O, padişahı ve halifesi Abdulhamid’in zulmüne, keyfi idare sistemine ve baskıya karşı savaştı. Trablusgarp’ta İtalya’ya ve Balkan ülkelerine karşı savaştı. Enver Paşa, Talat Paşa, Cemal Paşa’ya karşı savaştı ve Sultan Abdulhamit’in azledilişinden sonra gücü kendi ellerinde tutanlara karşı savaştı. Çanakkale’de İngilizlere karşı savaştı. Suriye ve Filistin’de savaştı. Sakarya’da Yunanlıların ülkeyi ele geçirme heveslerine karşı ve Lozan’da İngiliz diplomasisine karşı savaştı. O kendi ülkesinde cehalet ve gericiliğe karşı savaştı. Kısacası Mustafa Kemal mücessem savaştı. Bütün hayatı savaşarak geçti. O bütün savaşları kazandı ama hayatının son savaşında yenik düştü ve ölümün acımasız eli bir tek hamlede bütün arzularına, isteklerine ve programlarına son verdi.

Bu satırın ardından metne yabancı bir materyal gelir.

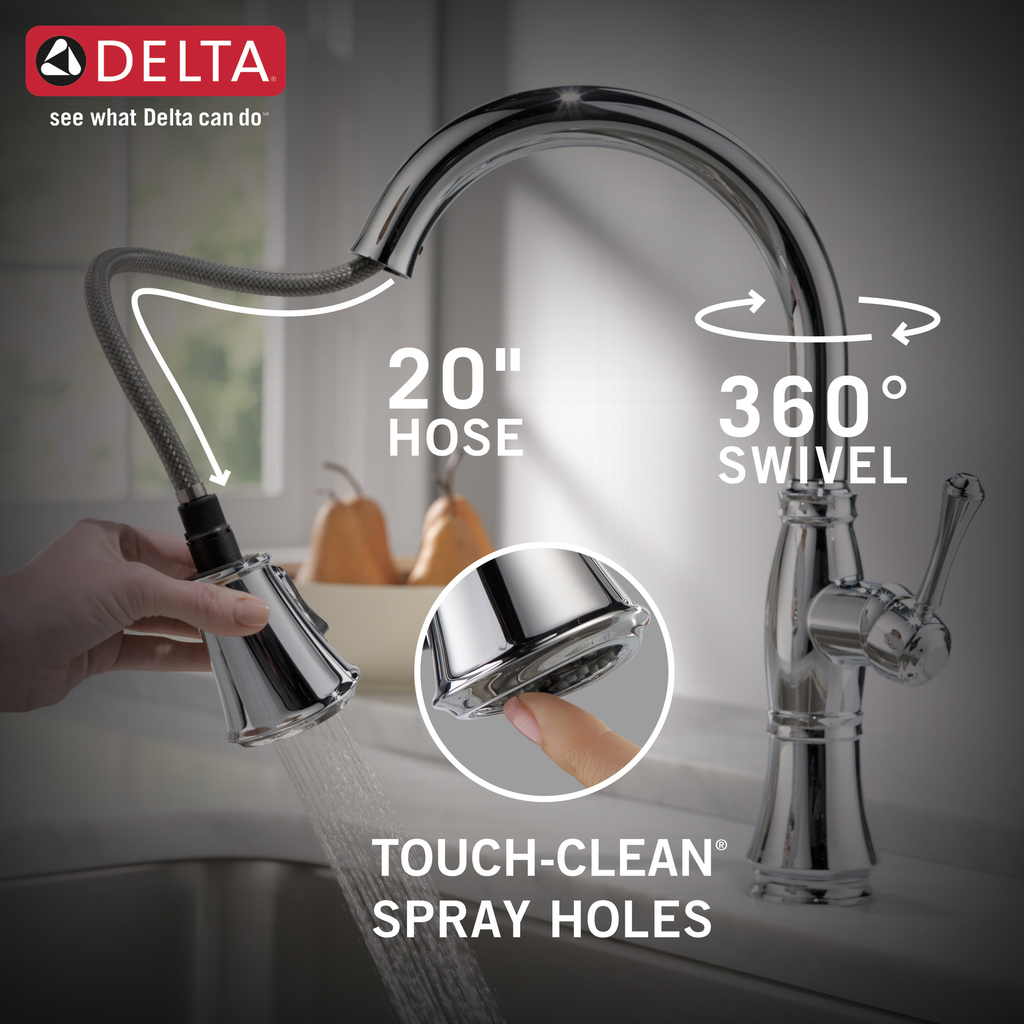 Delta Cassidy®: Single Handle Pull-Down Kitchen Faucet - Single Handle Lever - Lumicoat® Chrome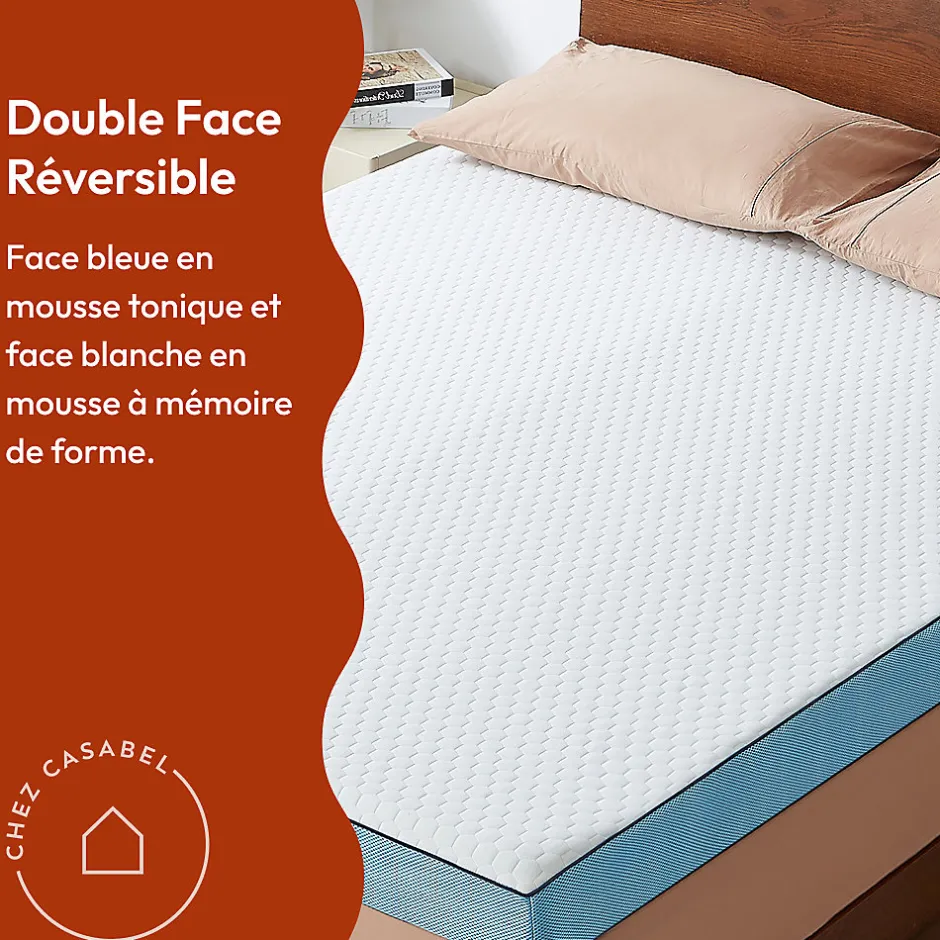 Casabel Surmatelas 140 x 190 cm Mémoire de Forme - 7 cm d'épaisseur - Confort Moelleux ou Tonique, Double Face avec Housse Respira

Mustafa Kemal´in tabii meyli çocukluğundan beri askerliğe yönelikti. Nitekim annesi istemediği halde, gizlice Selanik Askeri Rüştiye sınavlarına girip kazanmış ve okula girmeyi başarmıştı. Onun esas ismi, anne ve babasının koyduğu Mustafa idi. Adı geçen Selanik´teki bu okulun bir öğretmeninin adı da Mustafa idi. Hoca ile öğrencisinin aynı ismi taşımasının herhangi bir anlaşmazlık ve yanlışlığa meydan vermemesi için, ve ayrıca öğrencisinin matematikte elde ettiği üstün başarısından dolayı son derece etkilenen hoca, bu gencin paha biçilmez birisi olup, ilerde nice milletlerin ve ülkelerin kaderlerini değiştirebilecek güçte olduğunu hemen anladı ve Mustafa´ya Kemal sözcüğünü´de ekledi. O günden itibaren adı Mustafa Kemal oldu. Adının değişmesi hayırlı bir saate rast gelmiş olmalı ki, Mustafa Kemal kısa ömründe milleti ve ülkesi için, hayatın her şubesine el attı. Hayatın her bölümünde olağanüstü işler becerdi.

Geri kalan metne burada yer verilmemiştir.